Learning Outcomes
This article explains the fundamental fiduciary duty that trustees must not profit from their position. It outlines the general rule that trusteeship is gratuitous and details the specific exceptions where trustees may receive remuneration. After reading this article, you should understand the principles governing trustee payment, including the roles of the trust instrument, statute (particularly the Trustee Act 2000), beneficiary consent, and court orders. This knowledge will assist you in applying the relevant legal principles to SQE1 assessment scenarios involving trustee duties and remuneration.
SQE1 Syllabus
For SQE1, you are required to understand the core principles of fiduciary obligations, particularly the rules surrounding trustee remuneration and the exceptions to the general principle that trustees should not profit from their role. Your understanding should cover:
- The nature of the fiduciary relationship and its obligations.
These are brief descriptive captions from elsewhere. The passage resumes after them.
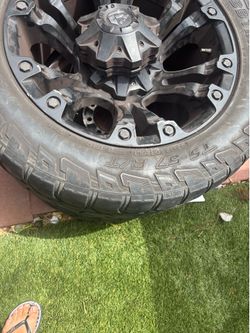 Truck tires and Rim size 33x12.50 R20LT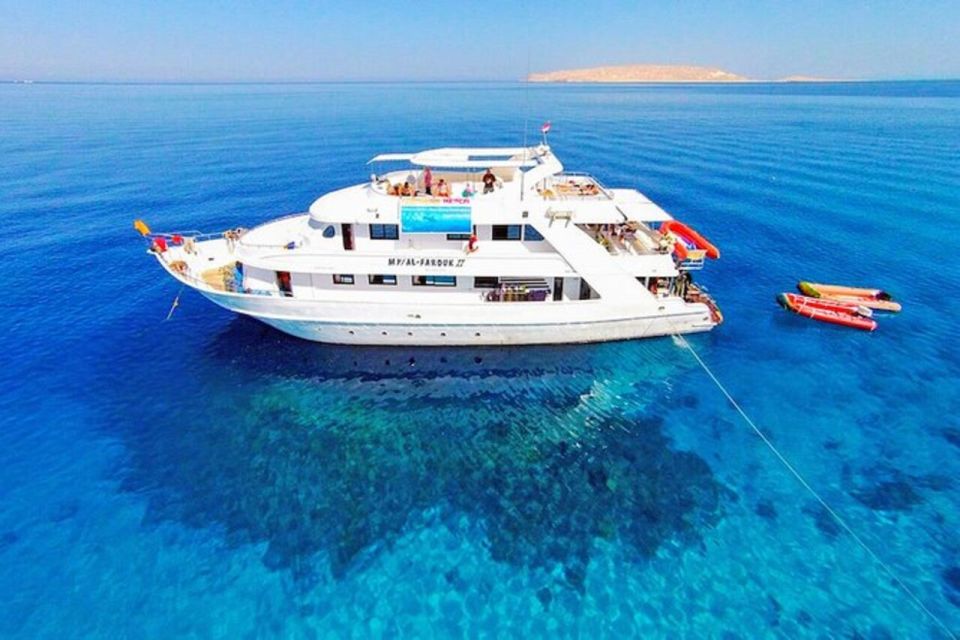 Makadi Bay: Snorkeling Yacht Trip, Water Sports & Lunch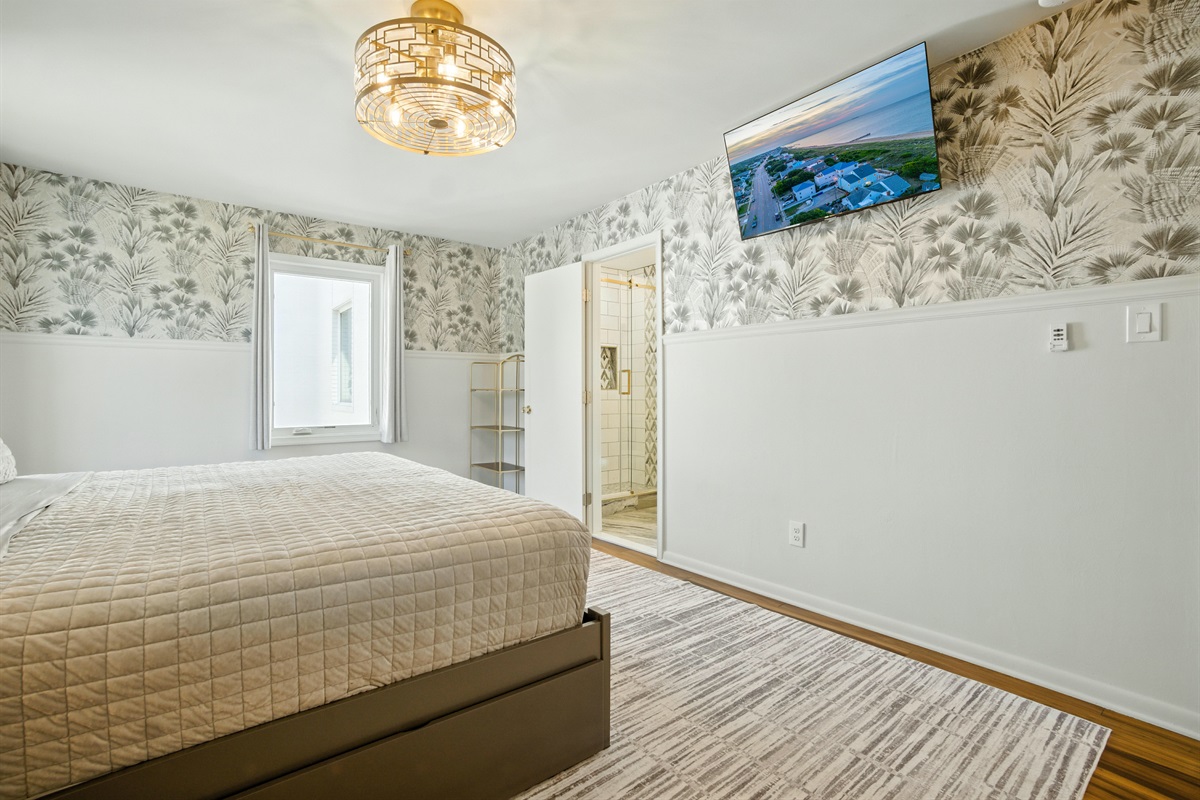 Primary Bedroom has a private en-suite Bath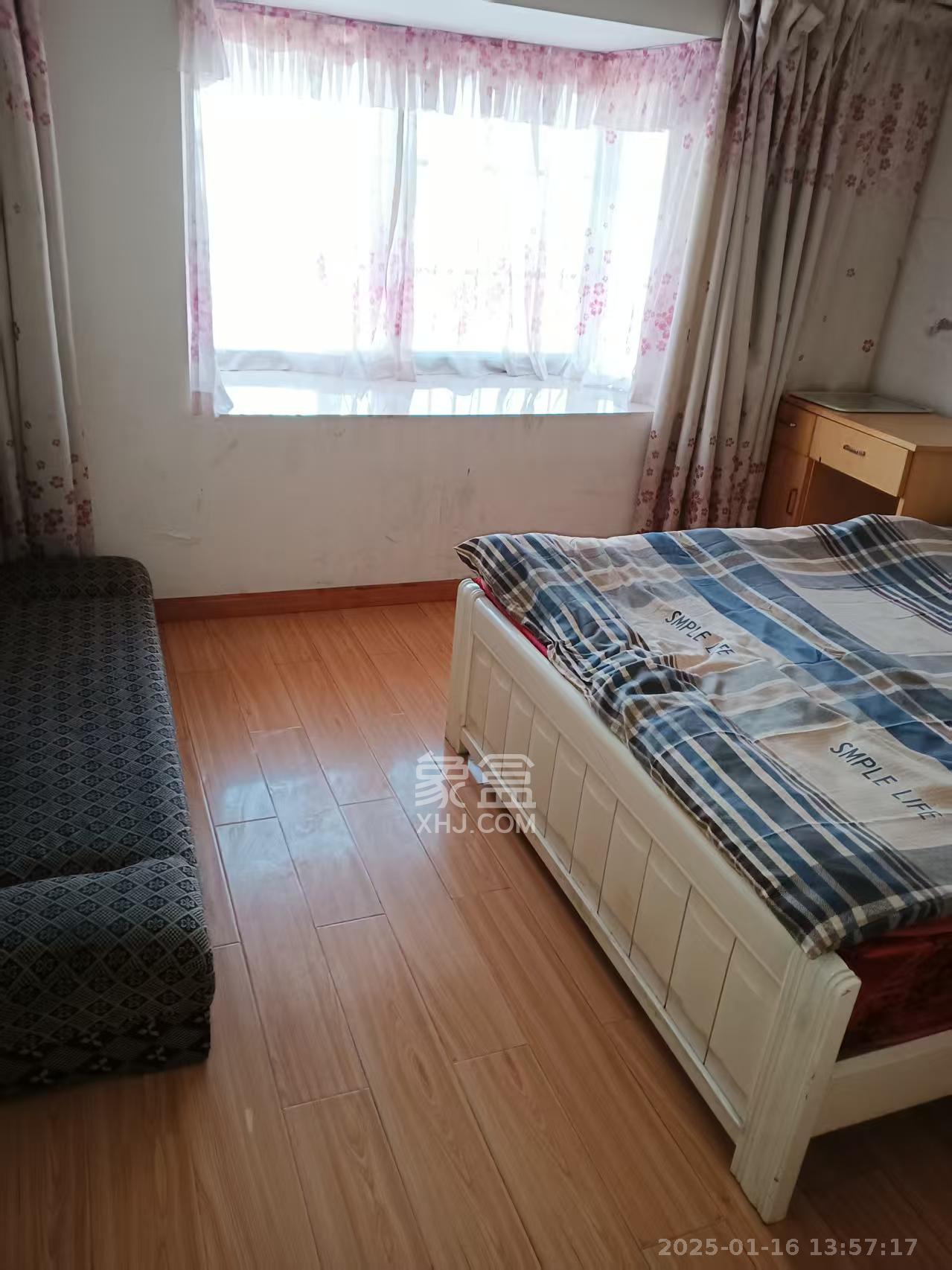 湘绣城 3室2厅2卫 1600.0元/月 湘绣城 3室2厅2卫 1600.0元/月室内图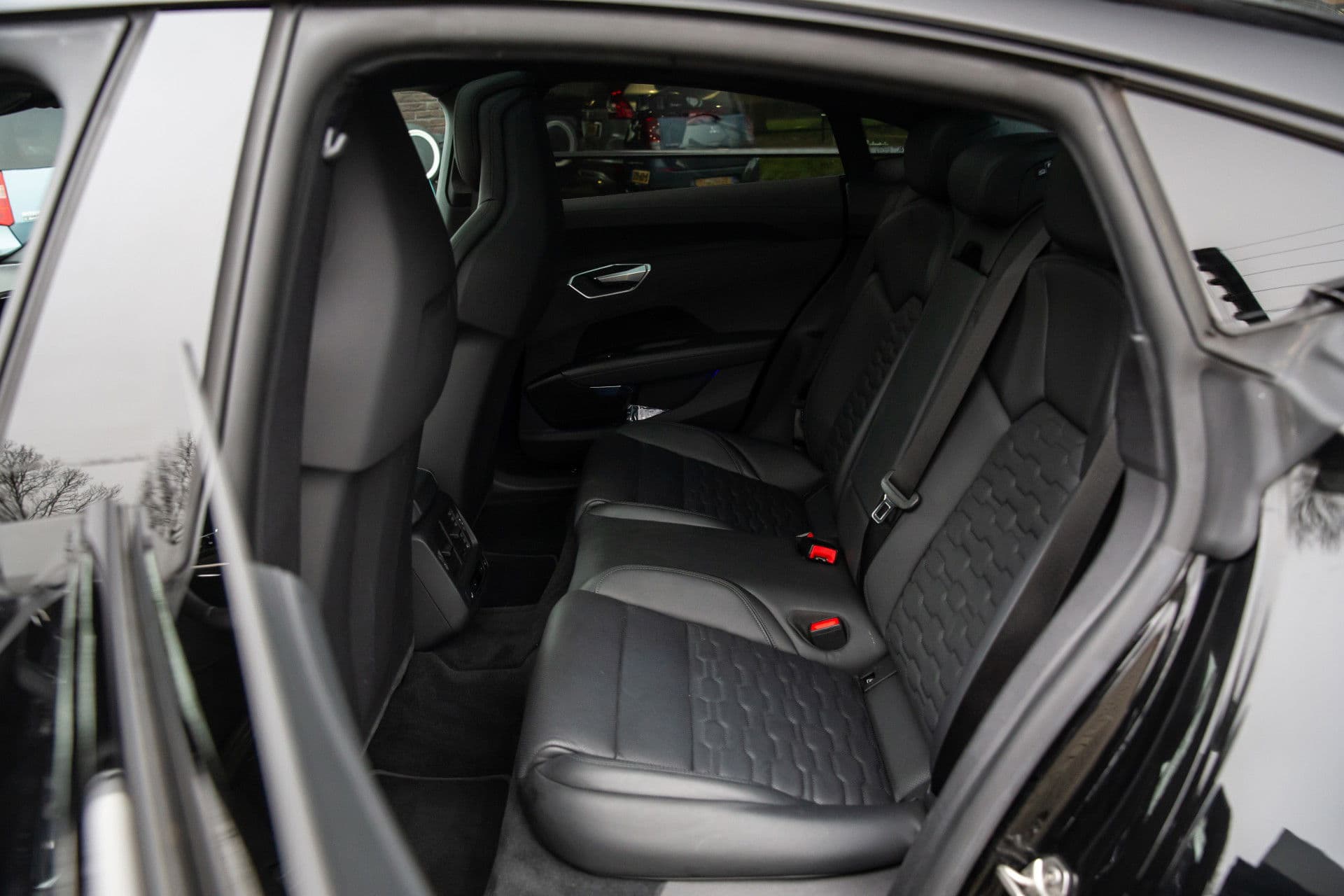 Audi E-tron GT GT edition ZERO 93 kWh , Panoramadak, B&O, Luchtvering, 3Dcamera, thumbnail 12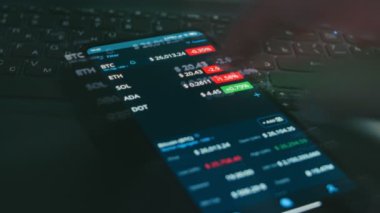 Kripto para ticareti şeması. Yatırımcı cep telefonu ekranında Bitcoin ve diğer Altcoin kripto para fiyat indeksini kontrol ediyor. Hologram etkisi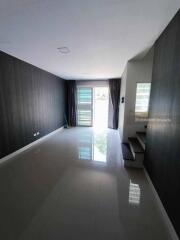 Townhome, 2 floors, 3 bedrooms, 2 bathrooms, located in the downtown area of Chiang Mai, close to Big C Don Chan.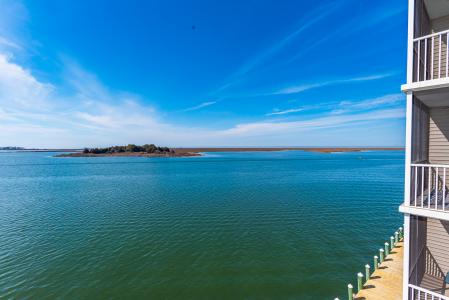 103 Williams St Unit 213, Crisfield, Maryland 21817, USA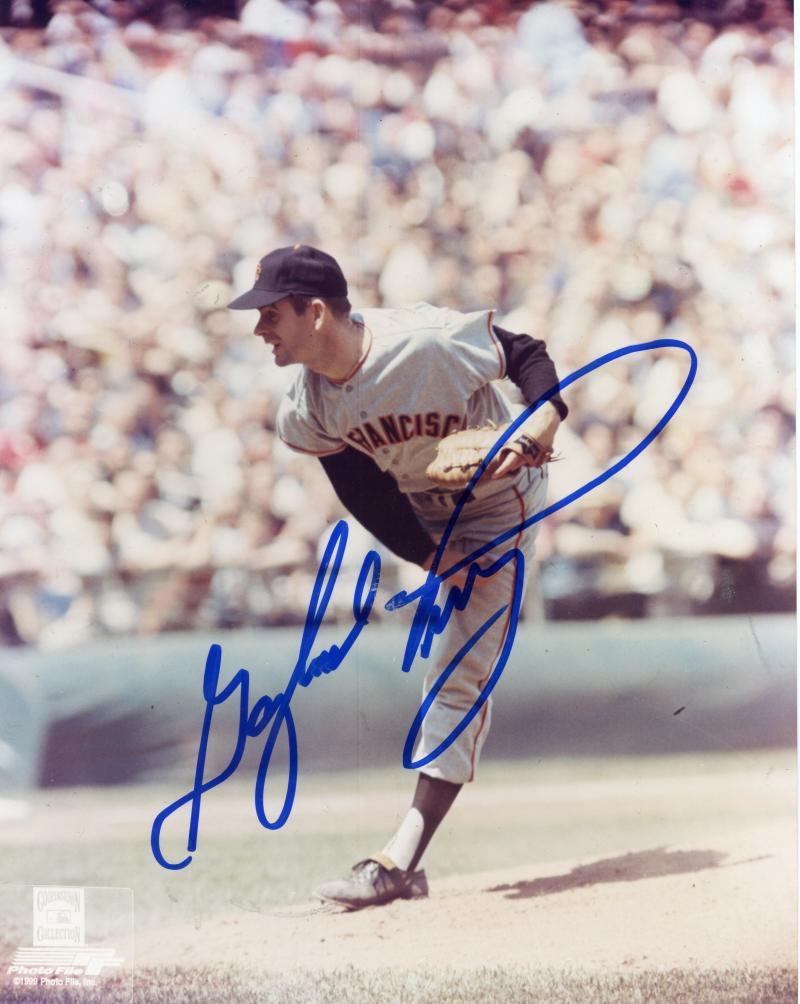 GAYLORD PERRY SAN FRANCISCO GIANTS SIGNED  AUTOGRAPHED  8X10 PHOTO W/COA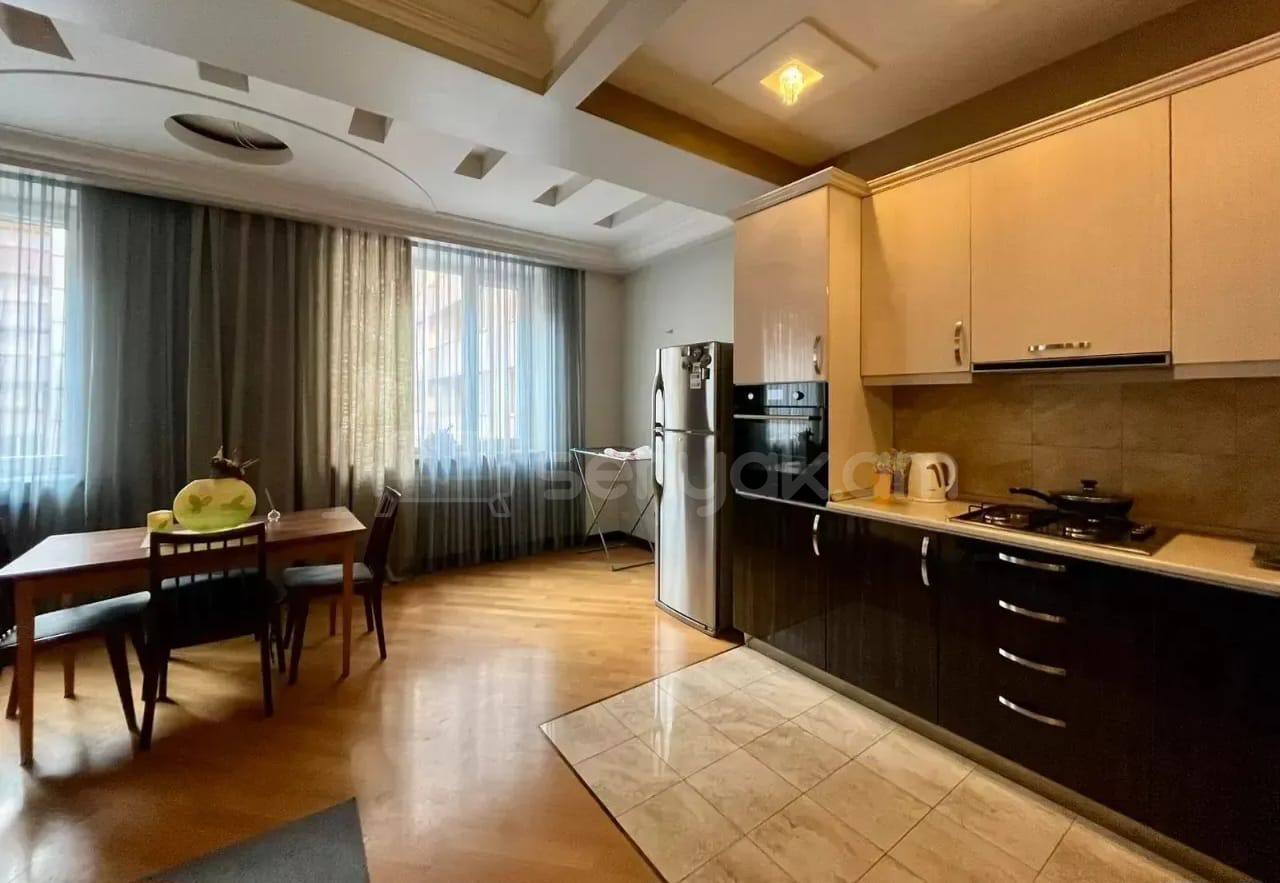2 Սենյականոց Բնակարան Նորակառույցում, 80քմ, 4/10 հարկ, Կապիտալ Վերանորոգված, Կահավորված, Արևկող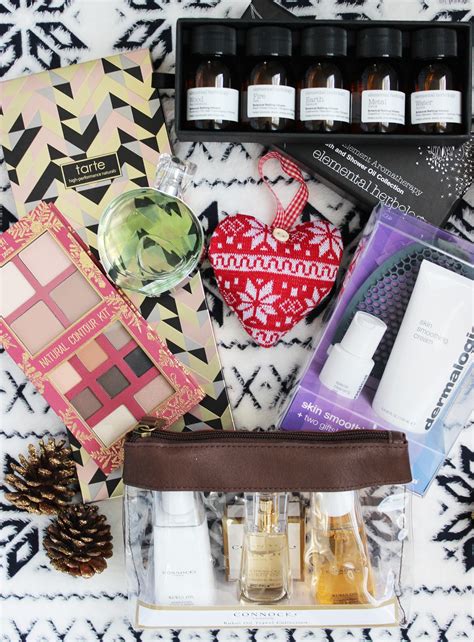 Gifts for her uk christmas. Christmas gift guide: luxury beauty gifts for her | Tales ...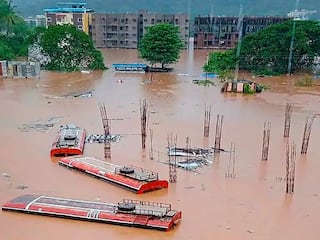 कोकण, पश्चिम महाराष्ट्रातील पूरबाधित कुटुंबांच्या बँक खात्यात आजपासून दहा हजार रुपये जमा होणार : विजय वडेट्टीवार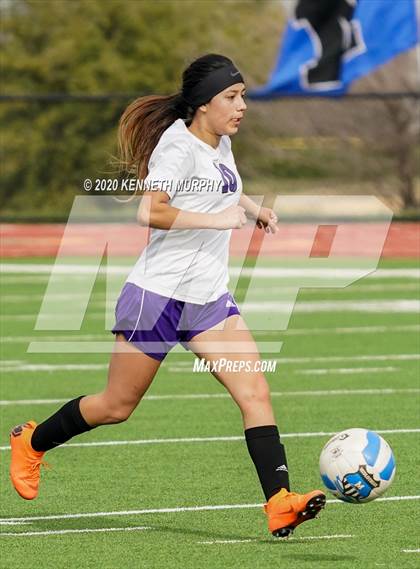 Thumbnail 1 in Midlothian vs. University photogallery.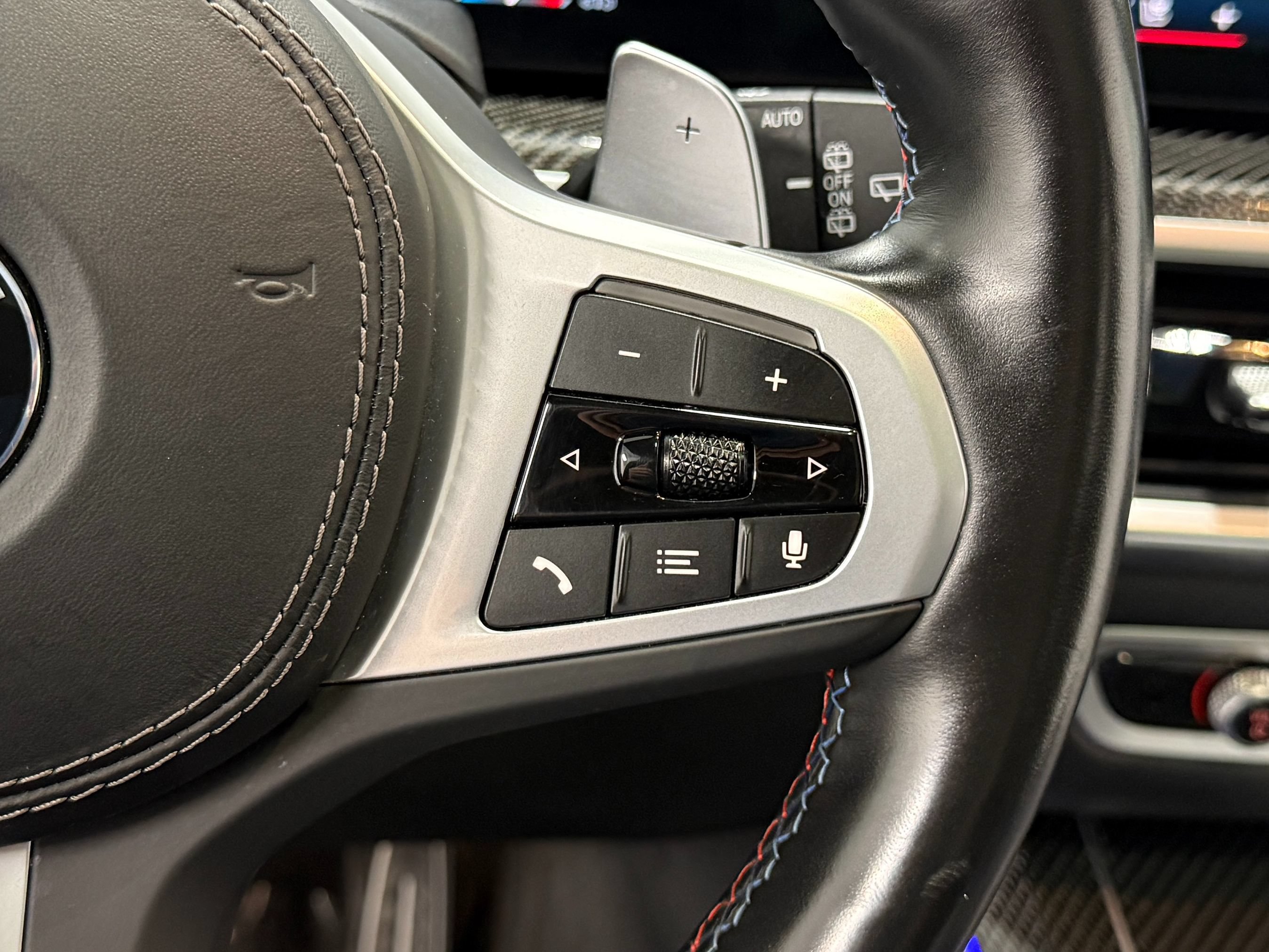 Used 2024 BMW X5 M60i AWD/4WD image 24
- The general rule that trustees act gratuitously and the no-profit rule.
- Exceptions permitting trustee remuneration, including provisions in the trust instrument (charging clauses).
- Statutory provisions allowing remuneration (Trustee Act 2000, ss 28-29).
- The ability for beneficiaries to consent to remuneration.
- The court's power to authorise payment.
- The distinction between remuneration and reimbursement for expenses.
Test Your Knowledge
Attempt these questions before reading this article. If you find some difficult or cannot remember the answers, remember to look more closely at that area during your revision.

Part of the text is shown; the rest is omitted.